■ Exercise input
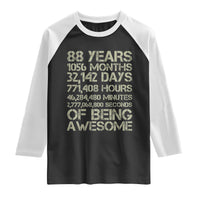 Vintage 88th Milestone Birthday Raglan Shirt 88 Years Of Being Awesome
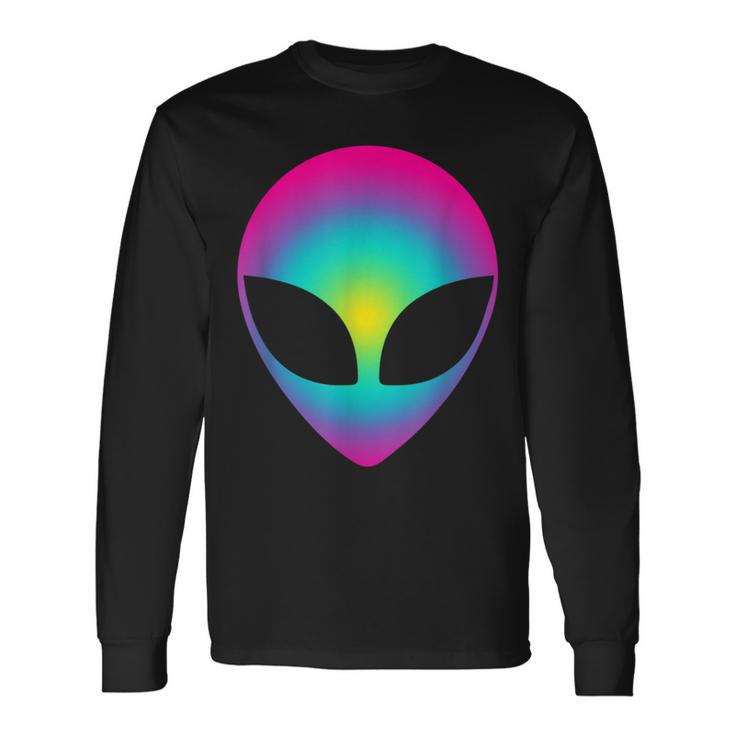 Alien Head Cool Party Club Tie Dye Long Sleeve T-Shirt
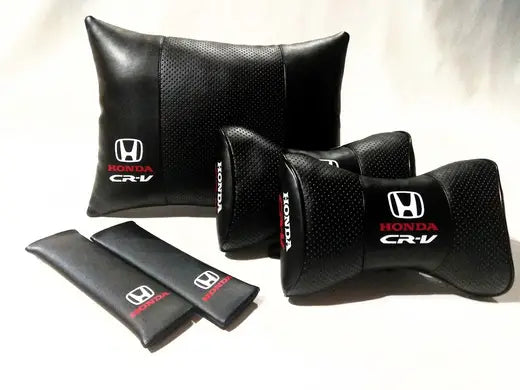 1 Set 5pcs Car Seat Headrest Pillow Best Back Lumbar Cushion Support PU Leather Honda CR-V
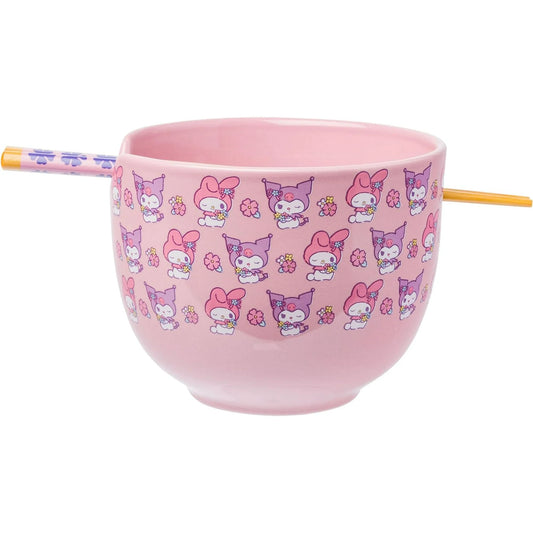 Hello Kitty and Friends My Melody and Kuromi Pastel Flowers 20-ounce Ceramic Ramen Bowl with Chopsticks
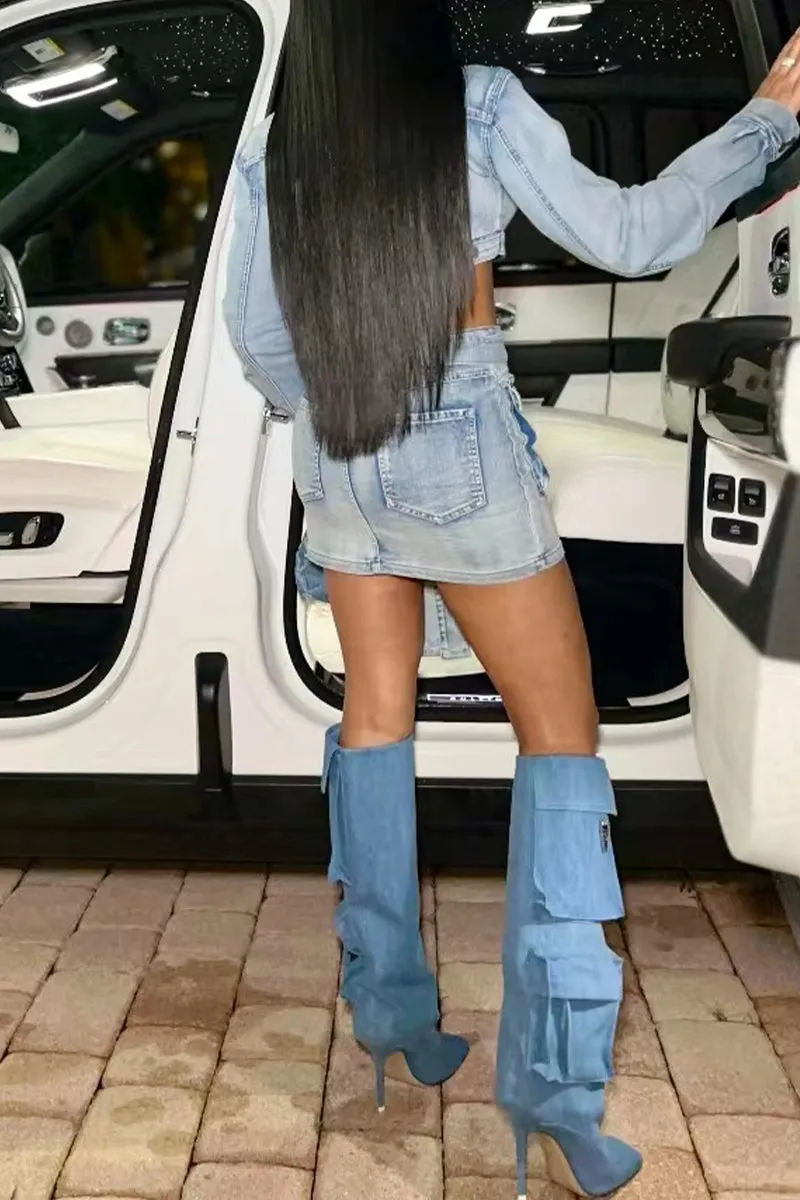 UH0320 Denim Jacket and Skirt Set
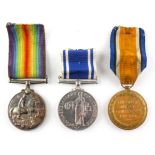 A WWI medal pair awarded to 181911 DVR WJ Bugbee RE;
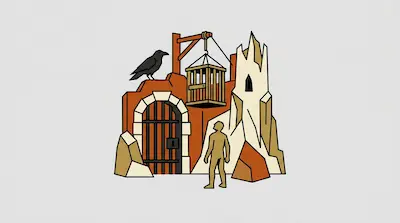 A person stands before a stone gate and a jagged tower, with a black bird perched on a wall and a cage hanging from a wooden beam.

■ Exercise aim
Copy exactly what appears in the entries, beginning with the first line and ending with the line that has "A WWI medal", but not the pictures.

■ Response for this exercise
 Vintage 88th Milestone Birthday Raglan Shirt 88 Years Of Being Awesome
 Alien Head Cool Party Club Tie Dye Long Sleeve T-Shirt
 1 Set 5pcs Car Seat Headrest Pillow Best Back Lumbar Cushion Support PU Leather Honda CR-V
 Hello Kitty and Friends My Melody and Kuromi Pastel Flowers 20-ounce Ceramic Ramen Bowl with Chopsticks
 UH0320 Denim Jacket and Skirt Set
 A WWI medal pair awarded to 181911 DVR WJ Bugbee RE;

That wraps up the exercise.